Healthcare’s Nepotism Problem in the time of a Pandemic
Healthcare providers deserve world class administrators, especially in the time of a pandemic.
The response to Covid-19 in the United States will depend on having world-class healthcare administration to support the efforts of medical professionals in the front lines. This alarms me, as my 20 years of experience in the healthcare industry has taught me that healthcare administration on both the provider and payer sides of the equation has been rotting from nepotism and incompetence for years.
Towards the end of my career, I became increasingly worried as I noted that Vice Presidents and C-level executives in healthcare weren’t being selected on their merits or their abilities but by their genetics. When I reported to a VP of IT at a health provider network/health insurance plan, his nephew was given a paid internship throughout his summer. The internship continued through his senior year in college. The manager that gave him that job was promoted to Director. He wasn’t the only one, two other unprepared nephews worked in the IT department as well. I was not surprised when our data was hijacked and our identities were stolen, as the data security department had two nephews in its ranks.
While many organizations will tout their nepotism policy, few are meaningfully written and enforced. The organization I cite above had an extensive nepotism policy that was followed to the letter, resulting in strange-looking organizational charts, and ‘off the book’ reporting relationships. The exact atmosphere that you need to create poor practices and processes. The larger the organization, the more difficult the policies can be to police (and the more complicated those informal chains of command become).

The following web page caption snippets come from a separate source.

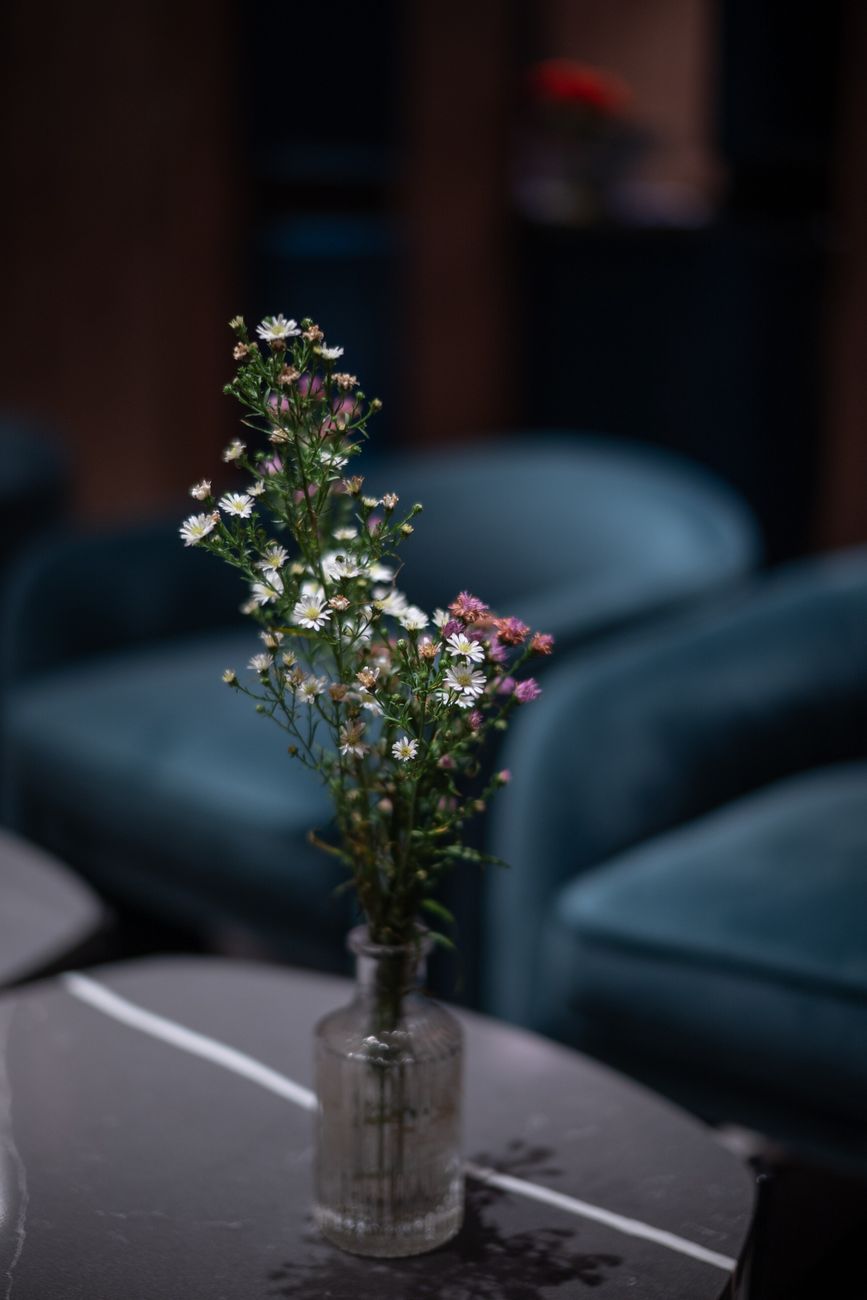 Delicate wildflowers in a glass vase add charm to a sophisticated lounge setting. Perfect for interior decor inspiration.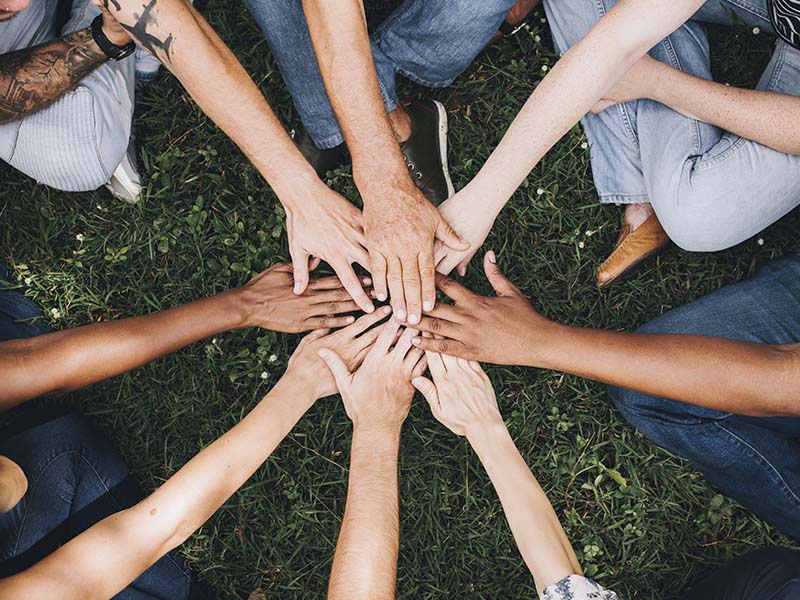 saap-800_0006_people-stacking-hands-together-park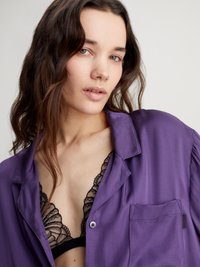 Cămașă de satin mov cu un buzunar pe piept, purtată peste un bralette din dantelă neagră. Materialul este neted, cu un luciu subtil și o textură moale.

It’s not a surprise when a family physician hires their wife to do their reception desk and medical records. What becomes complicated is when large healthcare conglomerates, often associated with university health systems, purchase those physician practices with the intent to fold their patients within their referral system. Along with purchasing the practice comes converting the employees. When nepotism runs rampant, it’s patients that pay. When nepotism has been running rampant for decades and a pandemic hits — we will all pay.
Several contractors and deals where I worked were based on favorable recommendations of the CTO, despite the organization’s inability to meet any deadlines. Any deadline that wasn’t regulatory was arbitrary, and even then there was always the philosophy that ‘as long as we are working towards change and have a timeline, we’re okay.’ This has been the prevailing mentality regarding many regulations. This mentality is not improved by nepotism, as nepotism often encourages disengagement, and areas that require a nuanced understanding of policy and its implementation are not well-served by disengaged employees.
As I’ve watched various data trackers to get a handle on what the outbreak looks like, I think of the many crises that the healthcare organizations I worked for were tasked to handle before, and how many of them managed to pull it together just long enough. I am concerned that Covid-19 is going to hit the industry on enough fronts that it will be unable to appropriately sustain its true mission.
Our doctors, nurses, respiratory therapists, and other providers deserve the best support and administration we can give them. Before we can help the health care industry tackle its administration problems, Americans will need to learn how to have meaningful conversations around what healthcare is, who provides it, and what (if any) role insurers should play in that.